I servi sono allo stesso tempo parte di un sistema sociale complesso e articolato, dove le gerarchie sono rispettate nell’apparente disordine quotidiano del paese. La servitù è frutto del sistema di caste e del colonialismo britannico e cercare le colpe è inutile. Nel ricco, ricchissimo Punjab ci sono per forza anche i poveri (altrimenti non esisterebbero né capitalismo né post-capitalismo) e talvolta è meglio se una famiglia ti prende dal tuo villaggio e ti porta a fare lo schiavo in città: a volte sono magnanimi, altre volte meno. E noi in Europa sappiamo bene quanto possano essere raffinate le forme di schiavismo. Ogni volta che vedo ragazze e ragazzi servi, silenziosi, ossequiosi, sempre disponibili, non posso fare a meno di chiedermi: avranno studiato almeno un po’? C’è qualcuno che pensa a loro in qualche luogo lontano la sera prima di dormire ?
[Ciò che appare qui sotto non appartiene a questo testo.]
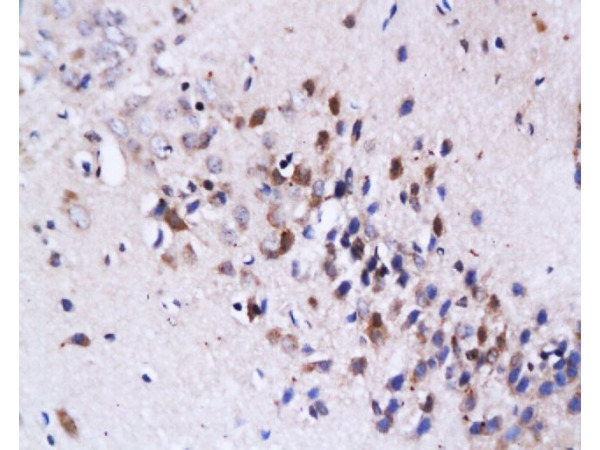 Formalin-fixed and paraffin embedded: rat brain tissue labeled with Anti-FasL Polyclonal Antibody, Unconjugated (bs-0216R) at 1:200, followed by conjugation to the secondary antibody and DAB staining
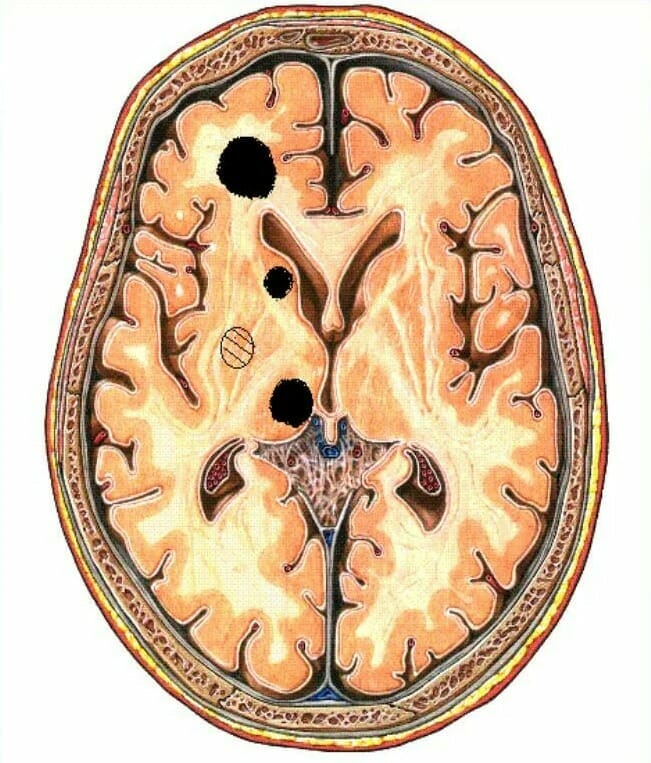 Encephalopathy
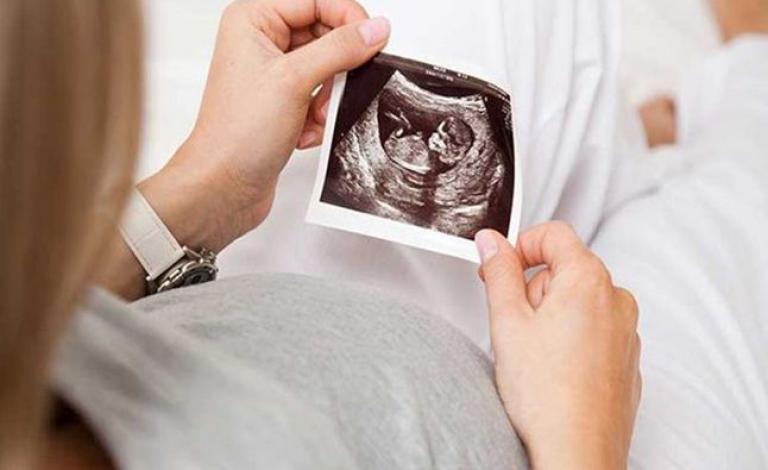 b60acf8957362832da94b714fbc33f658ab3dbfe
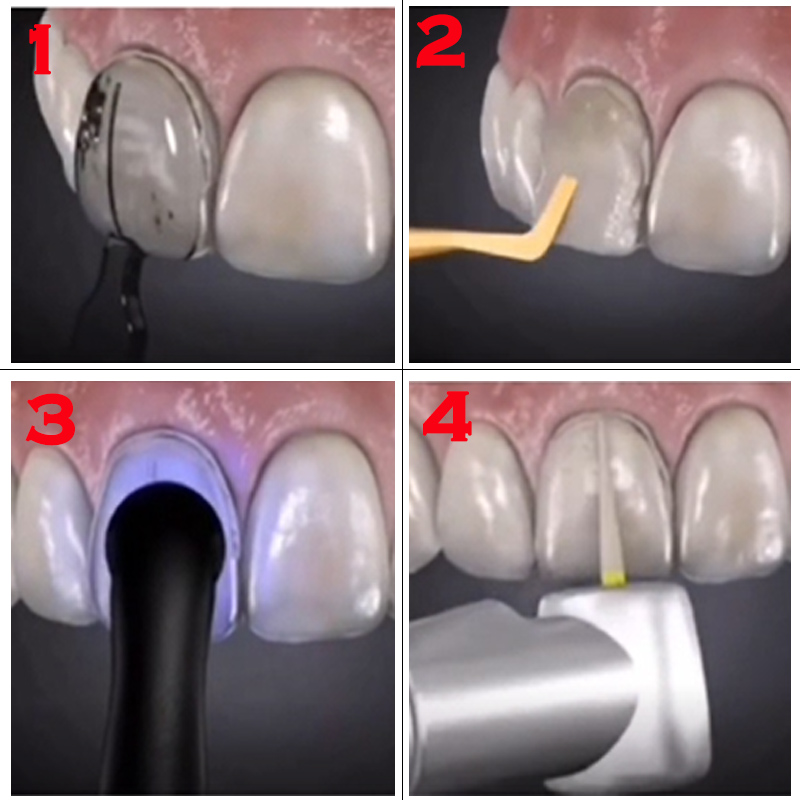 Kit de 32 Peças para Clareamen - Teeth Whitening Moulds avaliação e preço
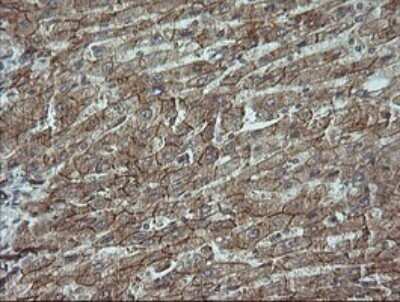 Immunohistochemistry: beta-Catenin Antibody (OTI9C1) - Azide and BSA Free [NBP2-70508]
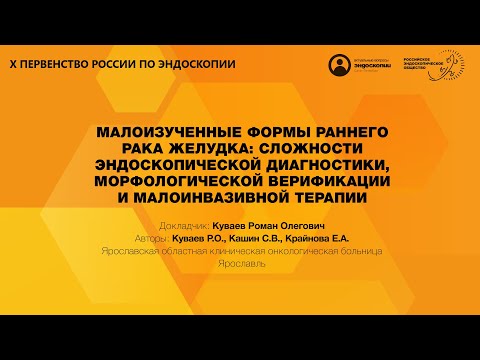 Видео: МАЛОИЗУЧЕННЫЕ ФОРМЫ РАННЕГО РАКА ЖЕЛУДКА
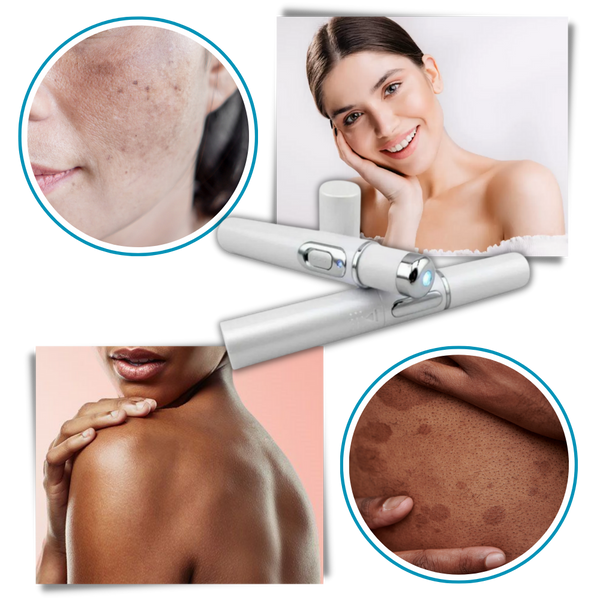 Blue Laser Pen for Dark Spots and Hyperpigmentation Reduction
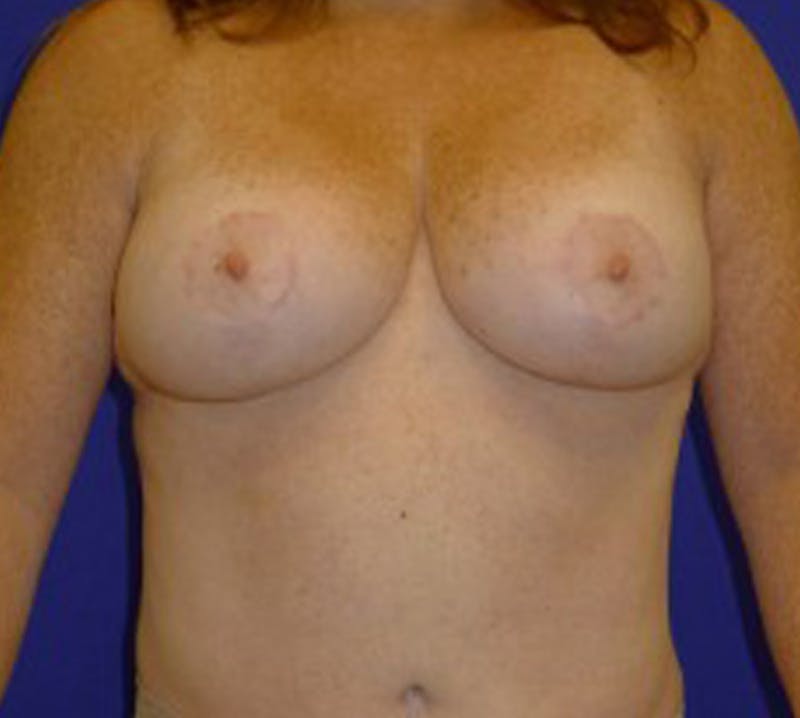 Mastopexy/Lift Before & After Gallery - Patient 175169317 - Image 2
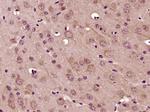 MADD Antibody in Immunohistochemistry (Paraffin) (IHC (P))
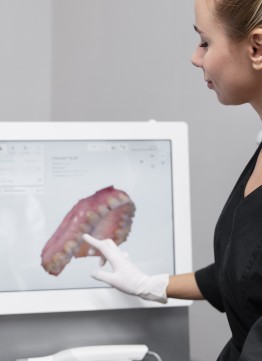 Цифровое 3D сканирование челюсти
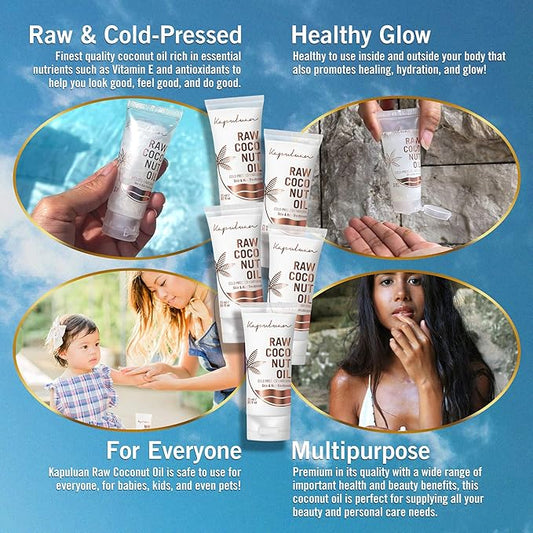 Coconut Oil for Hair, Skin - Extra Virgin Cold Pressed Oil with MCTs for Body Care or Haircare, Hair Growth, Aceite de Coco Natural, Baby, Dogs, Pets Travel Mini Tube (5 x 25ml)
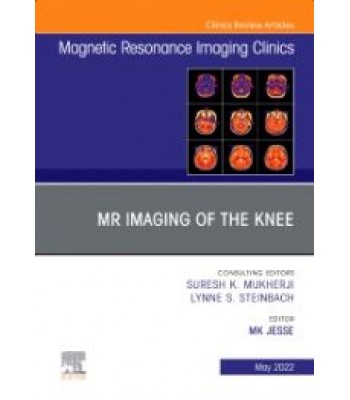 MR Imaging of The Knee, An Issue of Magnetic Resonance Imaging Clinics of North America, Volume 30-2 
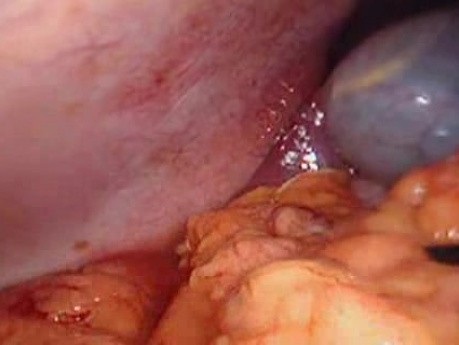 Perforacja okrężnicy z zapaleniem otrzewnej - laparoskopia (2 z 46)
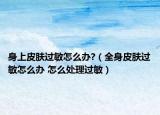 身上皮膚過敏怎么辦?（全身皮膚過敏怎么辦 怎么處理過敏）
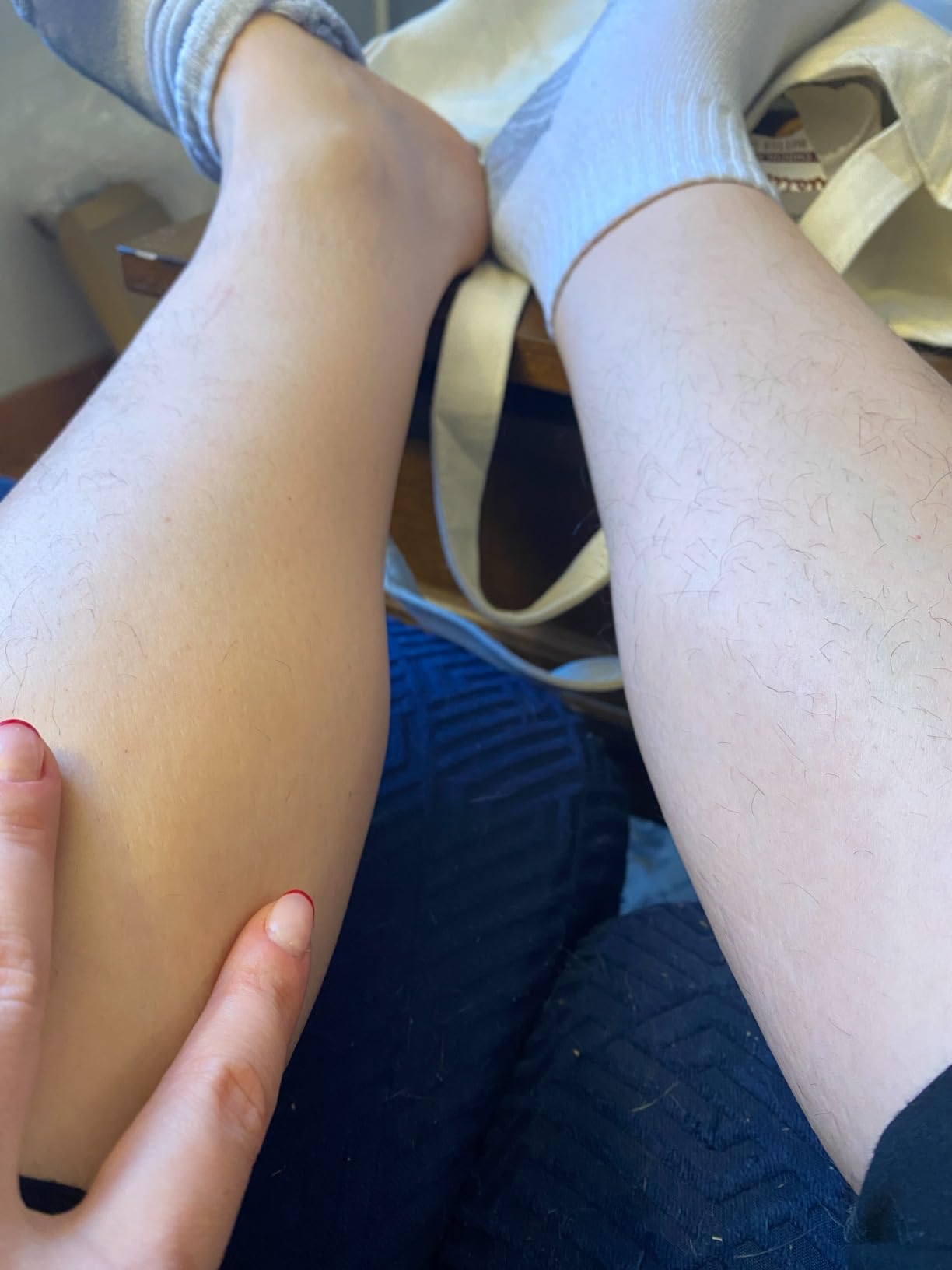 JOVS Laser Hair Removal, IPL with 37F Sapphire Ice-Cooling Tech, 6 Modes, 330 Rotation customer photo 1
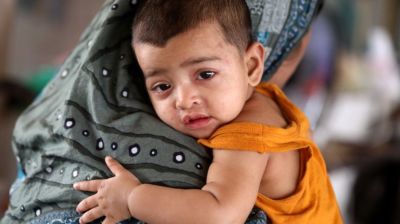 5 children die from suspected measles in 24 hours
Ieri nel risciò, fermi al semaforo, il guidatore ha dato una monetina a una bambina che chiedeva l’elemosina: delicato, l’ha guardata con affetto e le ha messo una mano sulla testa prima che andasse via. Entrambi servi di un sistema che non perdona (è di ieri la notizia di una ricerca della Harvard University dedicata alla percezione della povertà in Pakistan come sorella dell’ignominia, dunque non solo povero ma anche maledetto, come spesso ha scritto anche Foucault), il traffico quotidiano ha concesso spazio all’esercizio di uno dei principi più forti dell’Islam, la carità. Io le preferisco quello latino di pietas, la pietà che assume in sé anche la cura, più attiva, più responsabilizzante, e immensamente più gratificante.
Servi dei servi. Da Lahore ascolto Curre curre guagliò dei 99 Posse: il loro impegno militante e i loro post quotidiani su FB mi ricordano che vivo pur sempre per qualche mese all’anno in Italia, che sono stanca di combattere sempre per le stesse cose. Loro stanchi non sono: i video dei pestaggi della polizia a ragazze inermi nel pieno centro di Roma, la voce della madre di Stefano Cucchi, morto in carcere dopo i pestaggi e le torture fanno venire il vomito per l’orrore e per l’indignazione. Qui gli stessi servi dei servi, ugualmente sottopagati e schiavi di un rigido sistema (sorvegliare e punire) eseguono ordini e picchiano duro. Due giorni fa a Karachi il giornalista di Geonews Hamid Mir è stato colpito da tre proettili mentre tornava a casa dall’aeroporto. Suo fratello, ugualmente reporter, ha denunciato con coraggio la responsabilità dei servizi segreti nell’attentato, dichiarando che Hamid Mir aveva lasciato un video in cui venivano chiaramente esposti i pericoli che correva, insieme alle responsabilità di chi stava ignorando quei rischi, anzi ne è probabilmente responsabile.
Servi di scena. Nel celebre film di Joseph Losey il servo di scena vive per il grande attore sul palcoscenico, ne subisce le angherie, ne sopporta i malumori, ne cura gli aspetti materiali della vita quotidiana. Senza di lui il grande attore è un uomo perduto. Senza servi – a volte ne abbiamo intorno senza averne completa coscienza – siamo perduti, e noi servi dei servi spesso obbediamo senza convincimento, stanche/i di molte battaglie.